Task prompt: Give again every line from the one with "KidzLabs eksperimentsæt Create" through the last line of the data, exactly, and leave out the lines before it.

Raw data:
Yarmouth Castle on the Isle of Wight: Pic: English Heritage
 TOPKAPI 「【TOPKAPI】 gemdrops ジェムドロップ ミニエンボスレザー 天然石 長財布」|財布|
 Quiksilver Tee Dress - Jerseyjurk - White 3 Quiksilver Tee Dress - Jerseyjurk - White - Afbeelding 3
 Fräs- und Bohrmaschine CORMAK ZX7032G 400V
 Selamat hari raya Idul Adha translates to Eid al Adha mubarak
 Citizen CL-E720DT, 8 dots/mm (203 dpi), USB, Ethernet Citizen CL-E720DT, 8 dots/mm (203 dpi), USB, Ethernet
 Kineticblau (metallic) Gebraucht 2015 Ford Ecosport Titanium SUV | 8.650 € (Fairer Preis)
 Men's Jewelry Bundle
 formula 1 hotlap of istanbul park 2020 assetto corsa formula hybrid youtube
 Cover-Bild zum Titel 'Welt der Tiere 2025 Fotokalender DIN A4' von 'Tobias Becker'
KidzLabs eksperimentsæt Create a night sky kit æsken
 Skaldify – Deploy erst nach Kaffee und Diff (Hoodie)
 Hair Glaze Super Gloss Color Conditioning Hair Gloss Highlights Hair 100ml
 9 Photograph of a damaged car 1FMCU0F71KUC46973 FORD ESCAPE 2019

Task answer:
KidzLabs eksperimentsæt Create a night sky kit æsken
 Skaldify – Deploy erst nach Kaffee und Diff (Hoodie)
 Hair Glaze Super Gloss Color Conditioning Hair Gloss Highlights Hair 100ml
 9 Photograph of a damaged car 1FMCU0F71KUC46973 FORD ESCAPE 2019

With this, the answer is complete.